Work order: The records below are to be set down word for word, with every picture left out.

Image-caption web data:
━━━━━━

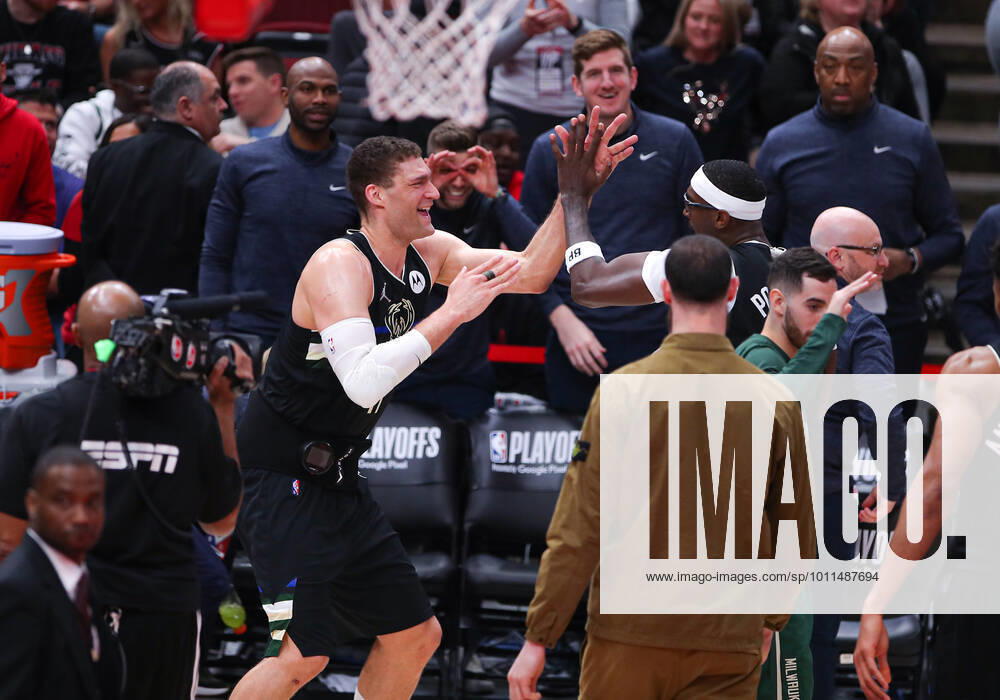 CHICAGO, IL - APRIL 22: Milwaukee Bucks center Brook Lopez (11) celebrates with Milwaukee Bucks center Bobby Portis (9) during Game Three of the Eastern Conference First Round Playoffs between the Milwaukee Bucks and the Chicago Bulls on April 22, 2022 at the United Center in Chicago, IL. (Photo by Melissa Tamez Icon Sportswire) NBA, Basketball Herren, USA APR 22 Eastern Conference First Round Playoffs - Bucks at Bulls Icon22042239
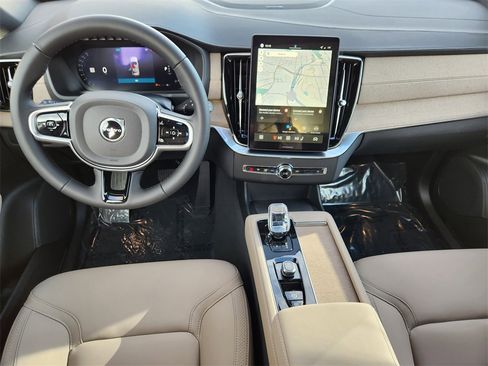 New 2026 Volvo XC90 B6 Plus w/ Protection Package Premier image 2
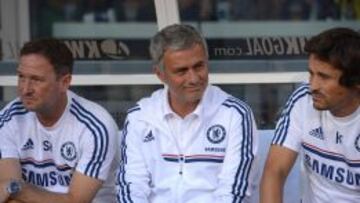 Mourinho, en un partido del Chelsea.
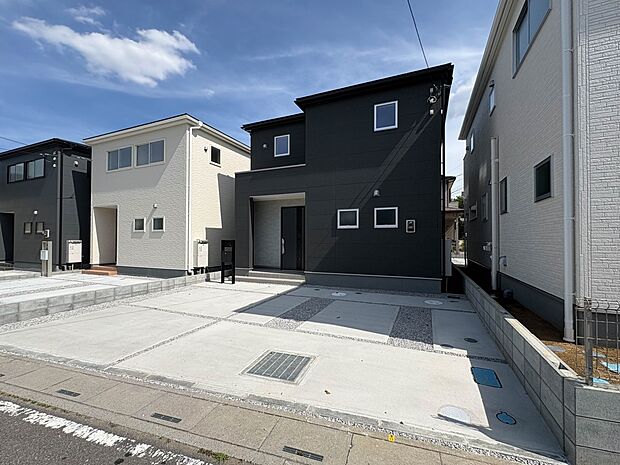 【外観】家族の温かさと陽光の暖かさ、楽しい毎日と明るい未来を予感させる「空間が織り成すひとつ先の住み心地」を演出します。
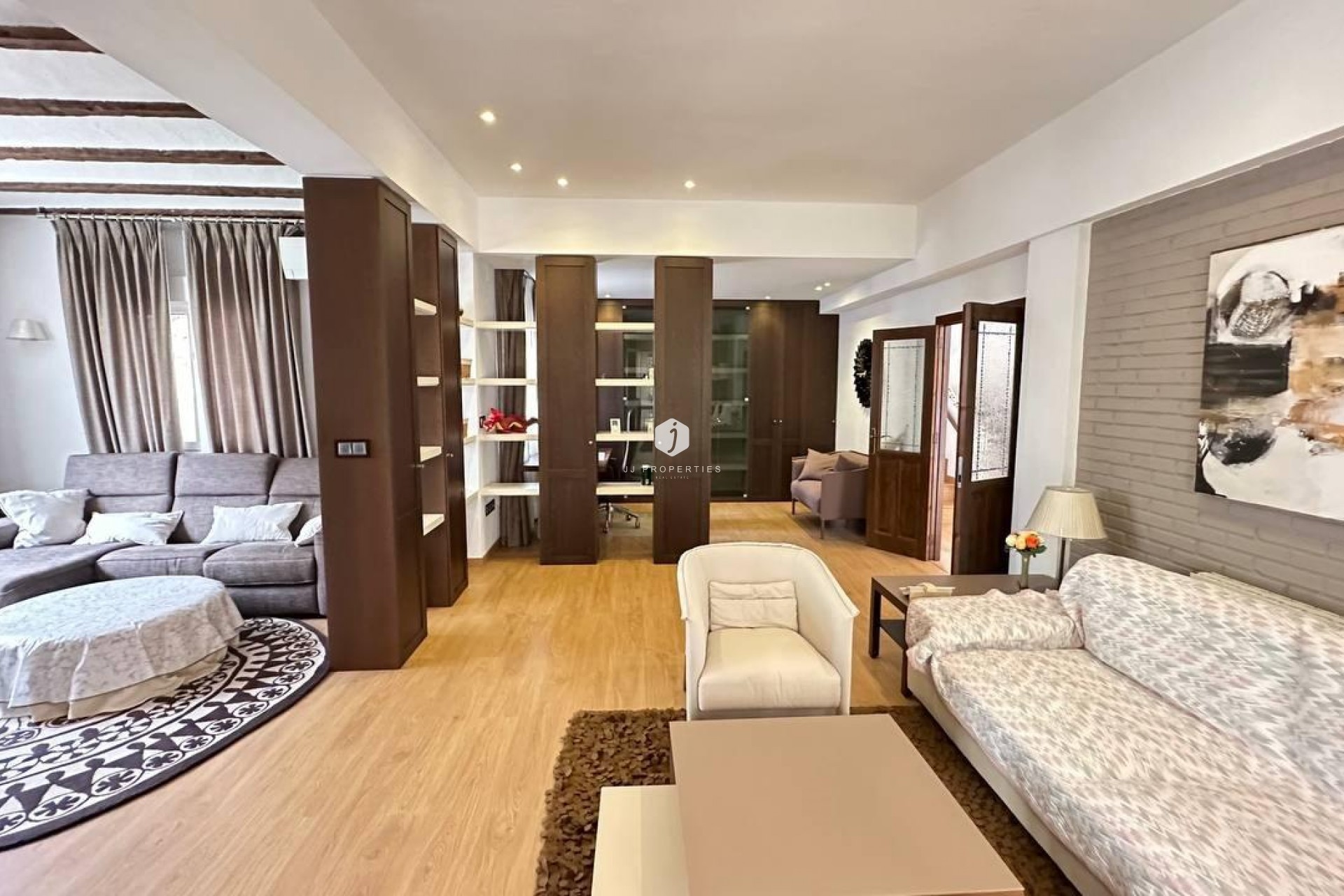 Aus zweiter Hand - Villa -
Orihuela Costa - Campoamor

━━━━━━

Result of the task:
 CHICAGO, IL - APRIL 22: Milwaukee Bucks center Brook Lopez (11) celebrates with Milwaukee Bucks center Bobby Portis (9) during Game Three of the Eastern Conference First Round Playoffs between the Milwaukee Bucks and the Chicago Bulls on April 22, 2022 at the United Center in Chicago, IL. (Photo by Melissa Tamez Icon Sportswire) NBA, Basketball Herren, USA APR 22 Eastern Conference First Round Playoffs - Bucks at Bulls Icon22042239
 New 2026 Volvo XC90 B6 Plus w/ Protection Package Premier image 2
 Mourinho, en un partido del Chelsea.
 【外観】家族の温かさと陽光の暖かさ、楽しい毎日と明るい未来を予感させる「空間が織り成すひとつ先の住み心地」を演出します。
 Aus zweiter Hand - Villa -
Orihuela Costa - Campoamor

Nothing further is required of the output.